Nikolay Aleksandrov nikolay at cumulusnetworks.com
Sat Jun 11 16:17:53 UTC 2016


On 06/11/2016 07:35 AM, David Miller wrote:
> From: Toshiaki Makita <makita.toshiaki at lab.ntt.co.jp>
> Date: Mon,  6 Jun 2016 21:20:13 +0900
> 
>> Patrick Schaaf reported that flooding due to a missing fdb entry of
>> the address of macvlan on the bridge device caused high CPU
>> consumption of an openvpn process behind a tap bridge port.
>> Adding an fdb entry of the macvlan address can suppress flooding
>> and avoid this problem.
>>
>> This change makes bridge able to synchronize unicast filtering with
>> fdb automatically so admin do not need to manually add an fdb entry.
>> This effectively supports IFF_UNICAST_FLT in bridge, thus adding an
>> macvlan device would not place bridge into promiscuous mode as well.
>>
>> v2:
>> - Test vlan with br_vlan_should_use() in br_fdb_sync_uc() as per
>>   Nikolay Aleksandrov.
>>
>> Reported-by: Patrick Schaaf <netdev at bof.de>
>> Signed-off-by: Toshiaki Makita <makita.toshiaki at lab.ntt.co.jp>
> 
> I really need bridging experts to review and ACK/NACK this.
> 
> Thanks.
> 

Oops, I almost missed the v2, sorry about that.
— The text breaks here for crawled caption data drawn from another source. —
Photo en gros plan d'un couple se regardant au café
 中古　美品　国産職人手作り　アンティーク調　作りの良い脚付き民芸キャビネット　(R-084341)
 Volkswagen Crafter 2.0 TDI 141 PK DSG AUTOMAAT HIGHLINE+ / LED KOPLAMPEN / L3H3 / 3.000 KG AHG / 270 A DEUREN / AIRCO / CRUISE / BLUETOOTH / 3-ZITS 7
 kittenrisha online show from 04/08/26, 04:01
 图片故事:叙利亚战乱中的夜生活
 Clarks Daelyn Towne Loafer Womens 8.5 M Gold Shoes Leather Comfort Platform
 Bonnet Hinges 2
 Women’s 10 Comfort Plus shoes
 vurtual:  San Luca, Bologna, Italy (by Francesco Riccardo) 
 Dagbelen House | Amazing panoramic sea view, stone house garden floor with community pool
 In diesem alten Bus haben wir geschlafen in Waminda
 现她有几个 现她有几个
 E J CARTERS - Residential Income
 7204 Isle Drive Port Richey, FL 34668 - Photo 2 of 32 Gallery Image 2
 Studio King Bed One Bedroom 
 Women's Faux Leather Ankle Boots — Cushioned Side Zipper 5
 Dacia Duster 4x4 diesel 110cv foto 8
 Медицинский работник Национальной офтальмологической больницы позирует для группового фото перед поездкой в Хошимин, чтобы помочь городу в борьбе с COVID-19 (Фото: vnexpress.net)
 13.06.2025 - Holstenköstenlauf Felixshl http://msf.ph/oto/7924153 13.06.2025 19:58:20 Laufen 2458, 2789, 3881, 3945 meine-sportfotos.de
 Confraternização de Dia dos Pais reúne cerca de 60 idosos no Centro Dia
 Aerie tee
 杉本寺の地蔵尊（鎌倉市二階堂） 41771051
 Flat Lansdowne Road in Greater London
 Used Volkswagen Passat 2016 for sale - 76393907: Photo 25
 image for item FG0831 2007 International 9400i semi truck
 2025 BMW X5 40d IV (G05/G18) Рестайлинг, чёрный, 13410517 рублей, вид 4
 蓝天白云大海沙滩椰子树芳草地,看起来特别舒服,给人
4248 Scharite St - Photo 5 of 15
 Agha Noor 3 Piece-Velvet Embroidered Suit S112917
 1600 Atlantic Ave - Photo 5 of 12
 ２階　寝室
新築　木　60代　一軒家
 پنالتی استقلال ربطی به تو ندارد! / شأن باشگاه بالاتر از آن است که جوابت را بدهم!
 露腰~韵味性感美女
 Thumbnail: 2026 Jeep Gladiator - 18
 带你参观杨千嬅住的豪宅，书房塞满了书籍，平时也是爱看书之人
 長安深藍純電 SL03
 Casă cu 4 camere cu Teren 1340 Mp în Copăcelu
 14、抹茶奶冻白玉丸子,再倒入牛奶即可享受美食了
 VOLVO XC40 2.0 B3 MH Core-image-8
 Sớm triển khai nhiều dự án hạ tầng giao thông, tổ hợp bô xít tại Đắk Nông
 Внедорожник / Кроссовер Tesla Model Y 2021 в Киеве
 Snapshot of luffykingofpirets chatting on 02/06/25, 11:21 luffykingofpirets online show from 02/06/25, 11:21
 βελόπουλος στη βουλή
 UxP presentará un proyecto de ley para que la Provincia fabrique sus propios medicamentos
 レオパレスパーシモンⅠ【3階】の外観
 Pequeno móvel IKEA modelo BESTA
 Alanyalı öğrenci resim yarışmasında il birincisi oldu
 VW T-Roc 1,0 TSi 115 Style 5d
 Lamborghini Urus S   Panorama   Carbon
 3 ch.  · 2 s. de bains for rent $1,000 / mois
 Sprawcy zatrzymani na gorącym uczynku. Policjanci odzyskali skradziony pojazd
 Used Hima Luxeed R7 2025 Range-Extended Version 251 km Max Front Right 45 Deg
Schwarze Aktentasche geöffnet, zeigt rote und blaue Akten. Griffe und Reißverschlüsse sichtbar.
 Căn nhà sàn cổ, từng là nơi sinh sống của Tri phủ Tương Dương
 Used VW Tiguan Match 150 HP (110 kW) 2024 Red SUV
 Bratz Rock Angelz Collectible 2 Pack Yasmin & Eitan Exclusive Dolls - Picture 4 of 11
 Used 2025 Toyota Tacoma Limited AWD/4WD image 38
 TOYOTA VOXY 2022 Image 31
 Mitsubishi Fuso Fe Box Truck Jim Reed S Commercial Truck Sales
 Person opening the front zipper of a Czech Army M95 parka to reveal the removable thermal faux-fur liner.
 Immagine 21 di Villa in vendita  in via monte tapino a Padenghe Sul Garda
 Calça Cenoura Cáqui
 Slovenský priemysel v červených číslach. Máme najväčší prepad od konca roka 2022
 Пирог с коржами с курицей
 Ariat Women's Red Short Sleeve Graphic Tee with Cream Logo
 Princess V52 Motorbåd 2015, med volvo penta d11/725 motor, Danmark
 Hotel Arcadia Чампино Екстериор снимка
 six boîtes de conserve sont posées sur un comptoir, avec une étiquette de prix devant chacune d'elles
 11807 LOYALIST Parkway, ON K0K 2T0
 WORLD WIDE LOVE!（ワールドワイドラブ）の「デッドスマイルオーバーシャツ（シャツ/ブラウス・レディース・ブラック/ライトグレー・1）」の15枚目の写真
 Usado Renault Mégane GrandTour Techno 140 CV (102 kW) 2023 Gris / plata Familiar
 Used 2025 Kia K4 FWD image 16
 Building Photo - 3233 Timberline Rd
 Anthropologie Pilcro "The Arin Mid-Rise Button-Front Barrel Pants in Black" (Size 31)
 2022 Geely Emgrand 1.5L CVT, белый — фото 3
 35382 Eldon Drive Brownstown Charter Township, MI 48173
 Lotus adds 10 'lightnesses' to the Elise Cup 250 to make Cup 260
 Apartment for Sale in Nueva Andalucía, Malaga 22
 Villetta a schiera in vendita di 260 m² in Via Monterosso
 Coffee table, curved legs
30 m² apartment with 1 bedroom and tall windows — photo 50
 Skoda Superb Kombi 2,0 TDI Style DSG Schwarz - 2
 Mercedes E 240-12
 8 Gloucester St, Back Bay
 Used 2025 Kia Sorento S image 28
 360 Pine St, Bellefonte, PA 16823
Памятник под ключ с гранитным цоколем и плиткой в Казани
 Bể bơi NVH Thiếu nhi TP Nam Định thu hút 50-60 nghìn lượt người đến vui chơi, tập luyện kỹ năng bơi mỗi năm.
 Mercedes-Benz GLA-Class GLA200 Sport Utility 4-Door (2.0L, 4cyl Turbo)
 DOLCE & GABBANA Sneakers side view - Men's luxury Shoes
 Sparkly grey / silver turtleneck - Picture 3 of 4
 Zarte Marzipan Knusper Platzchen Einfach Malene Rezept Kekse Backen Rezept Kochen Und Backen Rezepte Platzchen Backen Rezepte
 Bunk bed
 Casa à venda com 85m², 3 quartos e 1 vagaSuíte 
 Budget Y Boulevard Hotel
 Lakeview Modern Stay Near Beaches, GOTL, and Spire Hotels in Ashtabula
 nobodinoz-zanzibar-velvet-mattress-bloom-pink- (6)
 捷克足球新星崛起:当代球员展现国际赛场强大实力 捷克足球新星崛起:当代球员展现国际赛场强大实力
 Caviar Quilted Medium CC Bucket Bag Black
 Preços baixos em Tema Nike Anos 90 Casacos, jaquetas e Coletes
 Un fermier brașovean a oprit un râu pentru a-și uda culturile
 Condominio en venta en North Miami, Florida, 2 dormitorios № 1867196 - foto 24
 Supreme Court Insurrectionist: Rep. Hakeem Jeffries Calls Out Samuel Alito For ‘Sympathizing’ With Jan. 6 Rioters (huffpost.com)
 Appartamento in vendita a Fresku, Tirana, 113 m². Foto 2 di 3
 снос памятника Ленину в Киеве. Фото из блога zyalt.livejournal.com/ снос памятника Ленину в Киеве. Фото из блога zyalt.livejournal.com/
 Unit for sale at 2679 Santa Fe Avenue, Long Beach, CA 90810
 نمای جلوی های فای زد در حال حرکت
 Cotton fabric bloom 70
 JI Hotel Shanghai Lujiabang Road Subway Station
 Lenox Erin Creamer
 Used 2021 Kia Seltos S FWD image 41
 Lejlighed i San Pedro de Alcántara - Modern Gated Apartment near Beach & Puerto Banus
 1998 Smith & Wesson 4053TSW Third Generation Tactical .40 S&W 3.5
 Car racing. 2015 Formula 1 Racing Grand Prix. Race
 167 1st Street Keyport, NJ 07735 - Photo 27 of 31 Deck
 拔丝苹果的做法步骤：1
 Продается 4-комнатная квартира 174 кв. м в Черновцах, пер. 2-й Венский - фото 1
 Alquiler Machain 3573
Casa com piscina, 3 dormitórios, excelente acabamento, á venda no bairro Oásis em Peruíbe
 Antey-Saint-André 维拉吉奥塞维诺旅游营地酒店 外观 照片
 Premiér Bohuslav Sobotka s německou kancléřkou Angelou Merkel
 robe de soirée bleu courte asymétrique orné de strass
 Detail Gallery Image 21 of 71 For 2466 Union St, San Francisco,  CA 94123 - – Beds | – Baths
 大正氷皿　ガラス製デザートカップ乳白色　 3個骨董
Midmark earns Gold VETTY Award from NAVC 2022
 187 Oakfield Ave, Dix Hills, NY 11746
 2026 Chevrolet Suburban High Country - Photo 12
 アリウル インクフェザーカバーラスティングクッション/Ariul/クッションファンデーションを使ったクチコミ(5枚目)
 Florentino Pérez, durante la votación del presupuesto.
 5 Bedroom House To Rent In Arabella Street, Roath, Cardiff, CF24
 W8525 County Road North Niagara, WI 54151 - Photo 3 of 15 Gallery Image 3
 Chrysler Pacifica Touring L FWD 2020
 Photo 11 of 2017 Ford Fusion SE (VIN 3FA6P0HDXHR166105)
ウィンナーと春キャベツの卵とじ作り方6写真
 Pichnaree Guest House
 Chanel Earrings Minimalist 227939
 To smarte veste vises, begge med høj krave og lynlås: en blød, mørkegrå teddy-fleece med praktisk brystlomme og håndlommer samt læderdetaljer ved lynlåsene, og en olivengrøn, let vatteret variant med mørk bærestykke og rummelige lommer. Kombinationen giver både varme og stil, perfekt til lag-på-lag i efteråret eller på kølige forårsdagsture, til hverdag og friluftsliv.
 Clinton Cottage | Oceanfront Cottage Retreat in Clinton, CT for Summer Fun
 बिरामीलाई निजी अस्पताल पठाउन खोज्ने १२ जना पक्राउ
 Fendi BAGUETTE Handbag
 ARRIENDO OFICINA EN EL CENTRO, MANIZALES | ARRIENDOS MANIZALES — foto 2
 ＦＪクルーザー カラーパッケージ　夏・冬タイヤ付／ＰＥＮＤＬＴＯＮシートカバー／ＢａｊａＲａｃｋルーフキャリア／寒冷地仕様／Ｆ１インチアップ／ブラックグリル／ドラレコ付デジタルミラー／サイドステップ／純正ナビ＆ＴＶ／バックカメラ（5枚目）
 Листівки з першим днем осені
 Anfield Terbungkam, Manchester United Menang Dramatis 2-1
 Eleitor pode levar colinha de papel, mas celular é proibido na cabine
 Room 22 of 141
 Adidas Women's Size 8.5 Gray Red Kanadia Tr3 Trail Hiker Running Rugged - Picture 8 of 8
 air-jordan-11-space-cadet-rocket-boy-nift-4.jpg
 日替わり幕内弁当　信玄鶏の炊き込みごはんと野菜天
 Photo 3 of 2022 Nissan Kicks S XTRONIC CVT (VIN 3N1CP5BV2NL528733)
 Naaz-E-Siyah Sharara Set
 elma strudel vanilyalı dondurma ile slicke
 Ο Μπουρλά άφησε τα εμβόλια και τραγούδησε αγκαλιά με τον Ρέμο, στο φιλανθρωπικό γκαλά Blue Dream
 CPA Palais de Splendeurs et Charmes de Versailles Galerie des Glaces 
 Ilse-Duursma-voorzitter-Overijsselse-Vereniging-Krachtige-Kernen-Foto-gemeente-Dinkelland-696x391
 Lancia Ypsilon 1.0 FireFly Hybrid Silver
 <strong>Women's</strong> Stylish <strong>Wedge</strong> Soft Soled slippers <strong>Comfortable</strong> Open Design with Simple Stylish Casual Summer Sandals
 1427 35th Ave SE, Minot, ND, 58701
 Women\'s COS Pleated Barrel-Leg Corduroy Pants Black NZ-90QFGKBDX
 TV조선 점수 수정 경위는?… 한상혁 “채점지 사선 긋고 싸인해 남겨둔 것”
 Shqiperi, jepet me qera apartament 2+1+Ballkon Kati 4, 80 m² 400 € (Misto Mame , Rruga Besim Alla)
So, technically it looks correct, but
I only fear the scalability impact of the change. If there're a large number of vlans
adding a macvlan (or any device that syncs uc addr) might become very slow and every
flag change will become very slow too without an option to revert to the original
behaviour so we'll have to wait for the entries to be added in order to delete them.
Another common scenario is having 8021q interfaces on top of the bridge with different
mac addresses for some of the configured vlans (or with macvlans on top of them for VRR),
that use case would suffer as well because their macs need to be local only for those vlans,
and not the 2000+ other vlans that might exist.
On every sync_uc() call all the fdb entries get deleted and added again, so even after deleting
some manually they can come back unexpectedly after some operation and also the message storm from
all the deletes and adds could be problematic as well.

E.g. 2000 br0 vlans, 25 macvlans on br0 (adding them took more than 5 minutes, 53k fdb entries):
$ bridge fdb del de:8e:9f:16:c5:71 dev br0 vlan 289
$ ip l set br0 multicast on
$ bridge fdb | grep 289 | grep de:8e:9f:16:c5:71
de:8e:9f:16:c5:71 dev br0 vlan 1289 master br0 permanent
de:8e:9f:16:c5:71 dev br0 vlan 289 master br0 permanent

In fact you can't escape the slow performance even if you delete all entries because on the
next flag change or interface add, they will be added back.